Russian President Vladimir Putin’s spokesman Dmitry Peskov said on Friday the Kremlin was in close contact with Ankara on stabilizing the situation in the South Caucasus.
He said the Kremlin will take necessary steps to ensure its security, as Turkish President Recep Tayyip Erdogan on Thursday did no rule out the construction of a Turkish military base in Azerbaijan.
“There may be development, expansion here later,” Erdogan said.
Peskov reacted to his remarks, saying, “The deployment of military infrastructure by the (NATO) alliance countries near our borders is cause for our special attention, as well as a reason for us to take steps to ensure our security and interests.”
Turkey signed a declaration with Azerbaijan in the city of Shusha, which according to Azeri President Ilham Aliyev, concerned cooperation on political, economic, trade and energy issues.
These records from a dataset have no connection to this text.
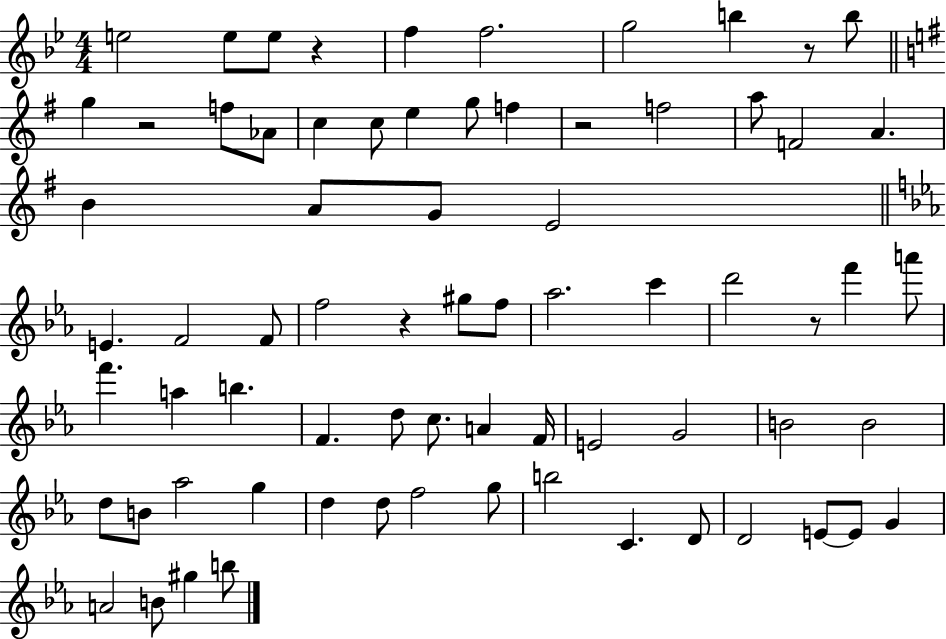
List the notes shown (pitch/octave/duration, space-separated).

E5/h E5/e E5/e R/q F5/q F5/h. G5/h B5/q R/e B5/e G5/q R/h F5/e Ab4/e C5/q C5/e E5/q G5/e F5/q R/h F5/h A5/e F4/h A4/q. B4/q A4/e G4/e E4/h E4/q. F4/h F4/e F5/h R/q G#5/e F5/e Ab5/h. C6/q D6/h R/e F6/q A6/e F6/q. A5/q B5/q. F4/q. D5/e C5/e. A4/q F4/s E4/h G4/h B4/h B4/h D5/e B4/e Ab5/h G5/q D5/q D5/e F5/h G5/e B5/h C4/q. D4/e D4/h E4/e E4/e G4/q A4/h B4/e G#5/q B5/e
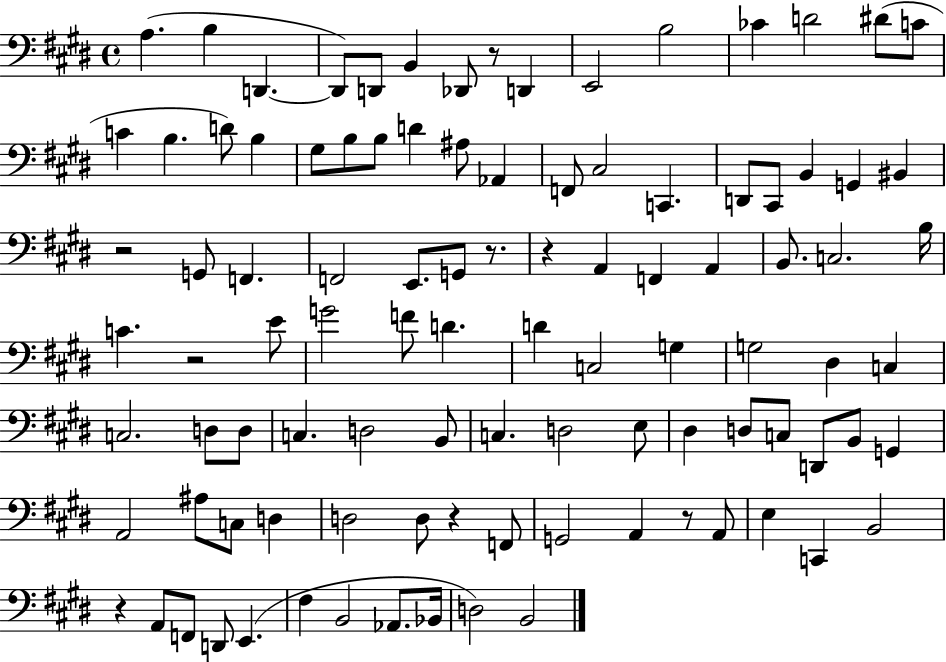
A3/q. B3/q D2/q. D2/e D2/e B2/q Db2/e R/e D2/q E2/h B3/h CES4/q D4/h D#4/e C4/e C4/q B3/q. D4/e B3/q G#3/e B3/e B3/e D4/q A#3/e Ab2/q F2/e C#3/h C2/q. D2/e C#2/e B2/q G2/q BIS2/q R/h G2/e F2/q. F2/h E2/e. G2/e R/e. R/q A2/q F2/q A2/q B2/e. C3/h. B3/s C4/q. R/h E4/e G4/h F4/e D4/q. D4/q C3/h G3/q G3/h D#3/q C3/q C3/h. D3/e D3/e C3/q. D3/h B2/e C3/q. D3/h E3/e D#3/q D3/e C3/e D2/e B2/e G2/q A2/h A#3/e C3/e D3/q D3/h D3/e R/q F2/e G2/h A2/q R/e A2/e E3/q C2/q B2/h R/q A2/e F2/e D2/e E2/q. F#3/q B2/h Ab2/e. Bb2/s D3/h B2/h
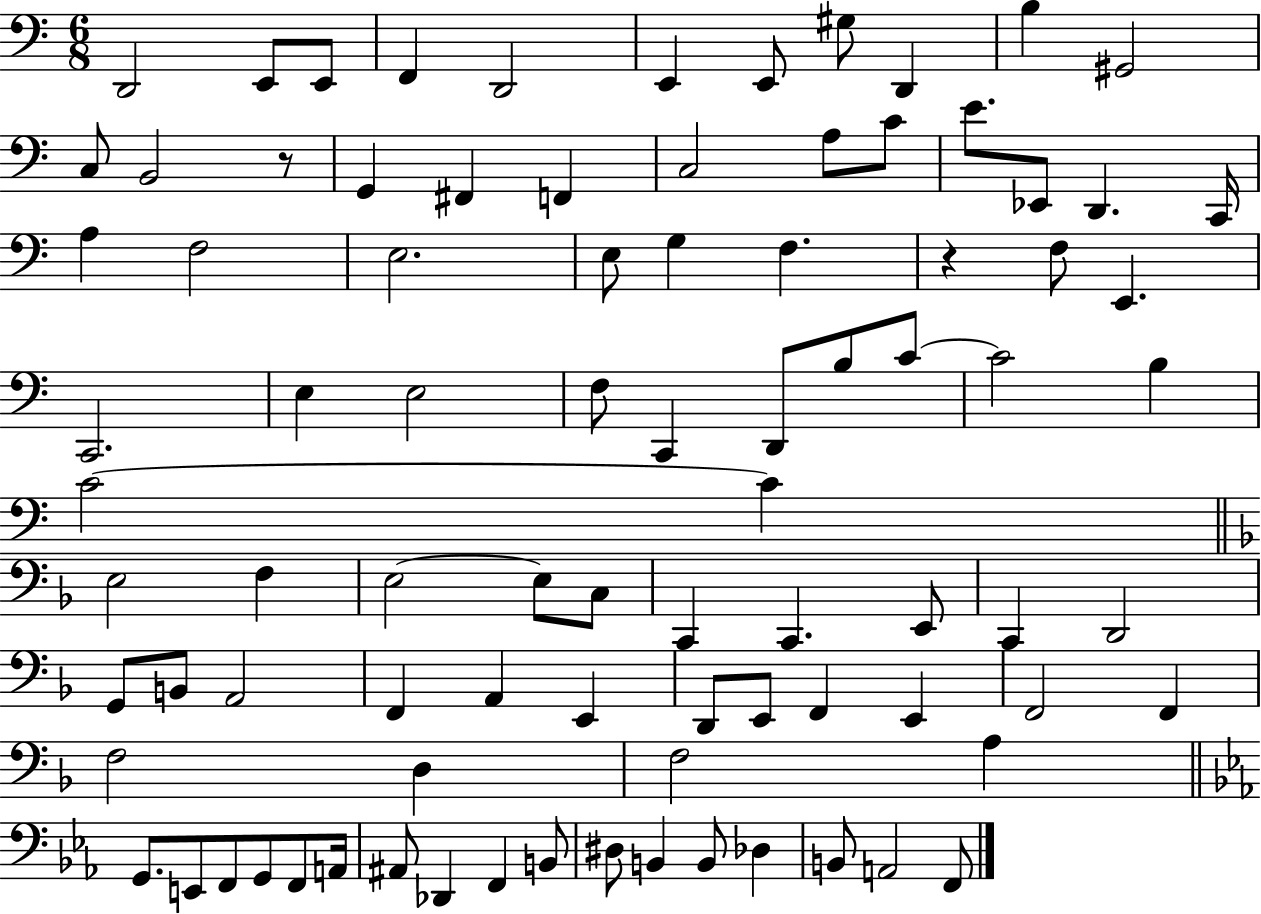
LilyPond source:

{
  \clef bass
  \numericTimeSignature
  \time 6/8
  \key c \major
  d,2 e,8 e,8 | f,4 d,2 | e,4 e,8 gis8 d,4 | b4 gis,2 | \break c8 b,2 r8 | g,4 fis,4 f,4 | c2 a8 c'8 | e'8. ees,8 d,4. c,16 | \break a4 f2 | e2. | e8 g4 f4. | r4 f8 e,4. | \break c,2. | e4 e2 | f8 c,4 d,8 b8 c'8~~ | c'2 b4 | \break c'2~~ c'4 | \bar "||" \break \key f \major e2 f4 | e2~~ e8 c8 | c,4 c,4. e,8 | c,4 d,2 | \break g,8 b,8 a,2 | f,4 a,4 e,4 | d,8 e,8 f,4 e,4 | f,2 f,4 | \break f2 d4 | f2 a4 | \bar "||" \break \key c \minor g,8. e,8 f,8 g,8 f,8 a,16 | ais,8 des,4 f,4 b,8 | dis8 b,4 b,8 des4 | b,8 a,2 f,8 | \break \bar "|."
}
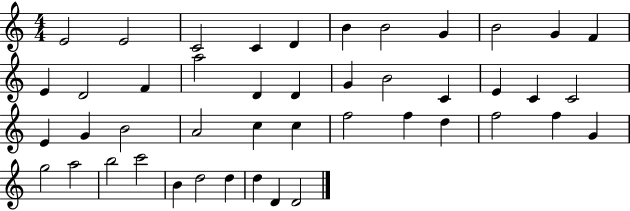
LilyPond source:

{
  \clef treble
  \numericTimeSignature
  \time 4/4
  \key c \major
  e'2 e'2 | c'2 c'4 d'4 | b'4 b'2 g'4 | b'2 g'4 f'4 | \break e'4 d'2 f'4 | a''2 d'4 d'4 | g'4 b'2 c'4 | e'4 c'4 c'2 | \break e'4 g'4 b'2 | a'2 c''4 c''4 | f''2 f''4 d''4 | f''2 f''4 g'4 | \break g''2 a''2 | b''2 c'''2 | b'4 d''2 d''4 | d''4 d'4 d'2 | \break \bar "|."
}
“But most important is the agreement on cooperation between Azerbaijan and Turkey in the defense industry sphere and mutual military assistance,” Aliyev said.
The city of Shusha is among the territories gained by Azerbaijan during last year’s conflict over between Azerbaijan and Armenia.
A Russian-brokered ceasefire put an end to six weeks of war between Armenia and Azerbaijan in November last year and left Azerbaijan largely in control of the territory.
The conflict killed more than 6,000 people on both sides and led to a political crisis in Armenia.
Border tensions have, however, been running high again earlier this month, after Yerevan accused Baku of sending troops across the border and violating the ceasefire.
Nagorno-Karabakh is internationally recognized as part of Azerbaijan but has been populated by ethnic Armenians.
Both Russia and Turkey deployed peacekeeping troops to the region to monitor the truce deal.
Russia has a military base in neighboring Armenia, as well.